### Extracted data entries
#####

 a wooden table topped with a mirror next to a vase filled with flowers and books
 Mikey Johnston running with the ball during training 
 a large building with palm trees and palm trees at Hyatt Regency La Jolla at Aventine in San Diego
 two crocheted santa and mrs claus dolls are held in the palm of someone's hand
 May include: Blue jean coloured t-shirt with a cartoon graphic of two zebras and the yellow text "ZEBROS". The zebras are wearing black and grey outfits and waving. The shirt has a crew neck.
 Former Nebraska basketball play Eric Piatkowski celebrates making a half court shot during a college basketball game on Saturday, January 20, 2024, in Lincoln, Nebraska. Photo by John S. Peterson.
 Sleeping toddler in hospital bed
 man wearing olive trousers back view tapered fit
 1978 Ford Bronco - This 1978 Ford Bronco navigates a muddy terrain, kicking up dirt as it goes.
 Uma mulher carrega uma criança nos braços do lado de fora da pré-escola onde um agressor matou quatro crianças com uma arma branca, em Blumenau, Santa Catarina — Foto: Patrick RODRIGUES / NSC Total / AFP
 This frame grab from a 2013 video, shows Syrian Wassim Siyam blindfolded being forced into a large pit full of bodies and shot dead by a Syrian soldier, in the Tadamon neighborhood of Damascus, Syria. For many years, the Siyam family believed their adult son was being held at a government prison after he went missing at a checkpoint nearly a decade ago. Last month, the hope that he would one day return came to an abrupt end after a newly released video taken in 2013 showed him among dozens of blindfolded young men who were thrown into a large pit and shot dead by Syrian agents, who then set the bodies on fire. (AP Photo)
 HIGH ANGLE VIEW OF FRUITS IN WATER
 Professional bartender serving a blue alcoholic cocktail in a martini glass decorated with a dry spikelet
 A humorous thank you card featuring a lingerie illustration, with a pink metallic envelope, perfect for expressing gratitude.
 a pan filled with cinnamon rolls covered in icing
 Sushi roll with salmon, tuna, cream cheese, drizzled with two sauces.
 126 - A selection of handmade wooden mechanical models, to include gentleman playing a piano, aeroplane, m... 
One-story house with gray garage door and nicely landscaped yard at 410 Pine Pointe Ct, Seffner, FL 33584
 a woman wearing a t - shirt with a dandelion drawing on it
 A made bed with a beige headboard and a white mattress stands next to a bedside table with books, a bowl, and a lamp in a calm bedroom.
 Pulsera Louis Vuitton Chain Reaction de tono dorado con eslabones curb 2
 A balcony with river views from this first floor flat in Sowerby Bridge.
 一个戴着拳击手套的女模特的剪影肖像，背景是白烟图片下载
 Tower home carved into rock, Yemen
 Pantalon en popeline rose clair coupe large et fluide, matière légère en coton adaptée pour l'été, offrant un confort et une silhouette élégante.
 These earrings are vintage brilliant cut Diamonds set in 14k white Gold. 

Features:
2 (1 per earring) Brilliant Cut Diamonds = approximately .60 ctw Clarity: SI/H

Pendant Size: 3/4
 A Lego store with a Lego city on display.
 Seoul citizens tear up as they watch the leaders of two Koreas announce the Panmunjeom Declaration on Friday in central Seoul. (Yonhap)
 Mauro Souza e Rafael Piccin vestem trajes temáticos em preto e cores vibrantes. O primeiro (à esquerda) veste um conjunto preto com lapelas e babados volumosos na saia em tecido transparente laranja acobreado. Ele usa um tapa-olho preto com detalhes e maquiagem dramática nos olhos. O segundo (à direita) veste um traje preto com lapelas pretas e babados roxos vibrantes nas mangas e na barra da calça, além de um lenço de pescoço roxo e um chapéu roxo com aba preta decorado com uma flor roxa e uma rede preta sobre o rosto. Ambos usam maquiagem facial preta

#####

### EXERCISE BRIEF
The records given above are to be repeated in full, exactly.

### REPLY TO THE TASK
 a wooden table topped with a mirror next to a vase filled with flowers and books
 Mikey Johnston running with the ball during training 
 a large building with palm trees and palm trees at Hyatt Regency La Jolla at Aventine in San Diego
 two crocheted santa and mrs claus dolls are held in the palm of someone's hand
 May include: Blue jean coloured t-shirt with a cartoon graphic of two zebras and the yellow text "ZEBROS". The zebras are wearing black and grey outfits and waving. The shirt has a crew neck.
 Former Nebraska basketball play Eric Piatkowski celebrates making a half court shot during a college basketball game on Saturday, January 20, 2024, in Lincoln, Nebraska. Photo by John S. Peterson.
 Sleeping toddler in hospital bed
 man wearing olive trousers back view tapered fit
 1978 Ford Bronco - This 1978 Ford Bronco navigates a muddy terrain, kicking up dirt as it goes.
 Uma mulher carrega uma criança nos braços do lado de fora da pré-escola onde um agressor matou quatro crianças com uma arma branca, em Blumenau, Santa Catarina — Foto: Patrick RODRIGUES / NSC Total / AFP
 This frame grab from a 2013 video, shows Syrian Wassim Siyam blindfolded being forced into a large pit full of bodies and shot dead by a Syrian soldier, in the Tadamon neighborhood of Damascus, Syria. For many years, the Siyam family believed their adult son was being held at a government prison after he went missing at a checkpoint nearly a decade ago. Last month, the hope that he would one day return came to an abrupt end after a newly released video taken in 2013 showed him among dozens of blindfolded young men who were thrown into a large pit and shot dead by Syrian agents, who then set the bodies on fire. (AP Photo)
 HIGH ANGLE VIEW OF FRUITS IN WATER
 Professional bartender serving a blue alcoholic cocktail in a martini glass decorated with a dry spikelet
 A humorous thank you card featuring a lingerie illustration, with a pink metallic envelope, perfect for expressing gratitude.
 a pan filled with cinnamon rolls covered in icing
 Sushi roll with salmon, tuna, cream cheese, drizzled with two sauces.
 126 - A selection of handmade wooden mechanical models, to include gentleman playing a piano, aeroplane, m... 
One-story house with gray garage door and nicely landscaped yard at 410 Pine Pointe Ct, Seffner, FL 33584
 a woman wearing a t - shirt with a dandelion drawing on it
 A made bed with a beige headboard and a white mattress stands next to a bedside table with books, a bowl, and a lamp in a calm bedroom.
 Pulsera Louis Vuitton Chain Reaction de tono dorado con eslabones curb 2
 A balcony with river views from this first floor flat in Sowerby Bridge.
 一个戴着拳击手套的女模特的剪影肖像，背景是白烟图片下载
 Tower home carved into rock, Yemen
 Pantalon en popeline rose clair coupe large et fluide, matière légère en coton adaptée pour l'été, offrant un confort et une silhouette élégante.
 These earrings are vintage brilliant cut Diamonds set in 14k white Gold. 

Features:
2 (1 per earring) Brilliant Cut Diamonds = approximately .60 ctw Clarity: SI/H

Pendant Size: 3/4
 A Lego store with a Lego city on display.
 Seoul citizens tear up as they watch the leaders of two Koreas announce the Panmunjeom Declaration on Friday in central Seoul. (Yonhap)
 Mauro Souza e Rafael Piccin vestem trajes temáticos em preto e cores vibrantes. O primeiro (à esquerda) veste um conjunto preto com lapelas e babados volumosos na saia em tecido transparente laranja acobreado. Ele usa um tapa-olho preto com detalhes e maquiagem dramática nos olhos. O segundo (à direita) veste um traje preto com lapelas pretas e babados roxos vibrantes nas mangas e na barra da calça, além de um lenço de pescoço roxo e um chapéu roxo com aba preta decorado com uma flor roxa e uma rede preta sobre o rosto. Ambos usam maquiagem facial preta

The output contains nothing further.